President Jim Kim failed to keep his promise that the ESF would not dilute existing standards.

The first feminist Bank President must ensure that Bank projects stop clearing tropical rain forests for biofuel export crops that dispossess poor farmers, mostly women, of land; halt oil, gas and coal investments that eliminate women’s farming livelihoods and force some women and girls into sex work to survive; and end investments in big dams by instead supporting small local renewable energy sources.

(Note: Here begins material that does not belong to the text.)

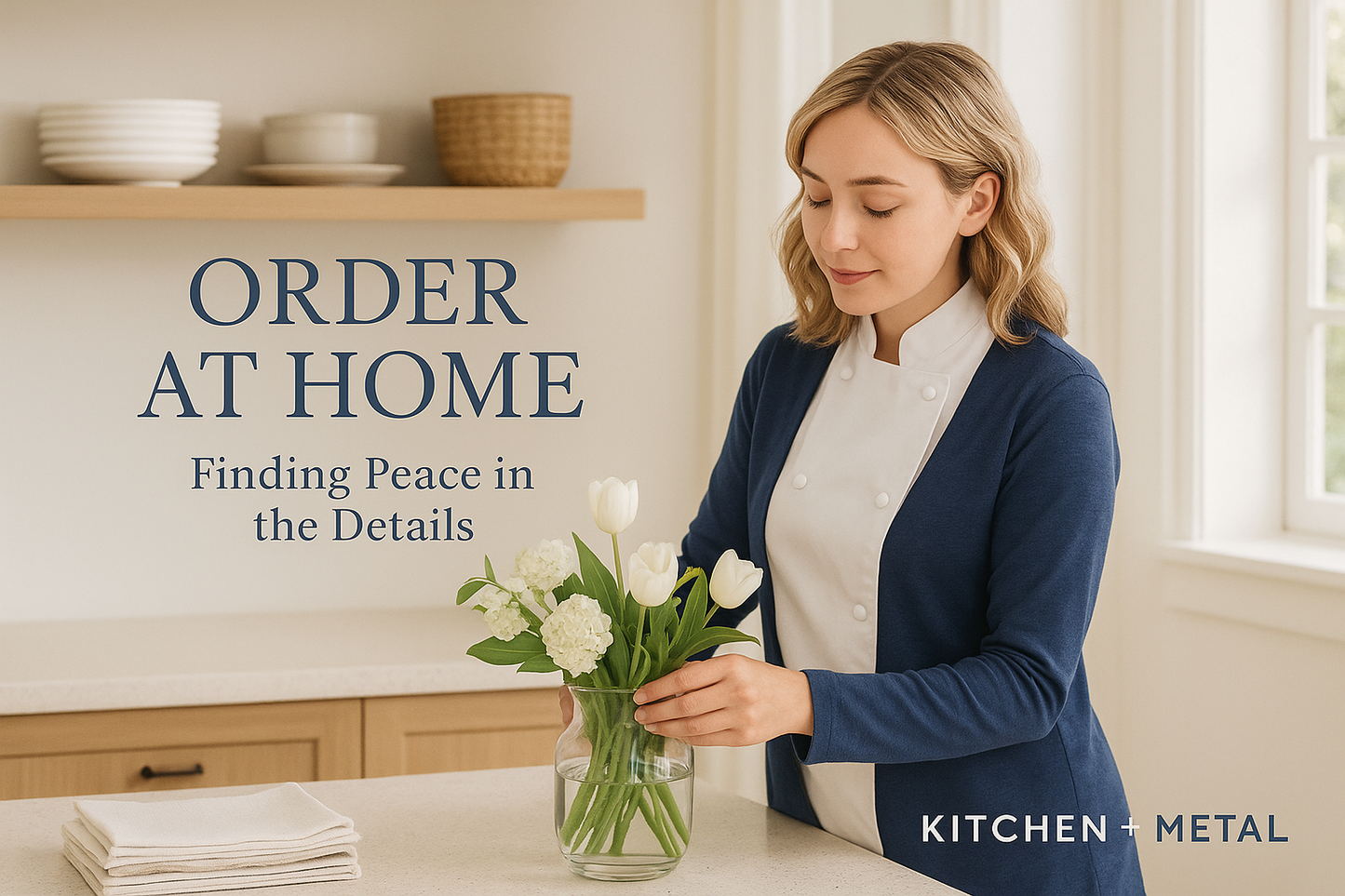 Kitchen + Metal Off-Duty Chef Home Organization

The first feminist Bank President must ensure that the Bank adheres to the Convention on the Elimination of all Forms of Discrimination Against Women (CEDAW) and other international human rights treaties ratified by the overwhelming majority of member countries.

Selection Process

In 2011 the Bank Board initiated a presidential nomination process by establishing merit-based selection criteria.  Nevertheless the US prevailed in installing Jim Kim in 2012 despite competing Colombian and Nigerian candidates of at least Kim’s caliber.  Now that Kim is serving his final year of a five-year appointment, the Bank Board launched a three week Presidential nomination period that will close on September 14, 2016.  The US has already weighed in for a second Kim term.  As Eurodad’s Jesse Griffiths stated on this website, three weeks is an unreasonably short nomination period.  The US is likely to prevail with a second Kim term unless the nomination period is extended, the selection process becomes transparent, and the voices of key stakeholders — including most Bank staff, global civil society leaders, major media and think tanks — calling for Kim to resign, are heeded.

Stakeholders, reach out to your World Bank Executive Director and/or Ministry of Finance to demand an extended selection process and nominate feminist changemaker candidates from developing countries!